Tamara Garfield is an American actress, comedian, director and screenwriter.

She is a recurring actor on Adult Swim's Robot Chicken. Tamara is the voice of the lead girl dog "Callie" in the feature film Rescue Dogs.

==Career==
Garfield appeared on a variety of television shows including Mad and The Minor Accomplishments of Jackie Woodman. On the Robot Chicken Season 2 DVD, creators Seth Green and Matthew Senreich featured Tamara in the DVD extras section.

Garfield was a pageant winner crowned Ms. Congeniality California 2014. After becoming Ms. Playa Del Rey United States, she earned a Top 3 finish at the Ms. California United States Pageant and won the Congeniality Award. Previously she was "Miss Tam Valley, USA" competing in the 2010 Miss California USA Pageant in Palm Springs California.

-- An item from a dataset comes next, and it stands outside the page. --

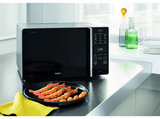 Microondas con grill - Whirlpool MCP 346, 25 L, Grill, Plateado y negro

She is the winner of the 2012 Bill Johnson's Big Apple Comedy Contest. The company closed on May 24, 2015. She has appeared in comedy clubs in both the
US and Europe.

Garfield wrote and directed a short film called Snowbirds, that tells the story of a pair of quarreling seniors who decide to shake up their relationship with an RV journey. Along the way, they discover the best cure for an ailing marriage is migration. The short stars real life Phoenix couple, Dell and Harry Herts. The film was shown at the San Tan Film Festival in Arizona.

Garfield appears in the 2011 music video for "End to the Lies" by Jane's Addiction.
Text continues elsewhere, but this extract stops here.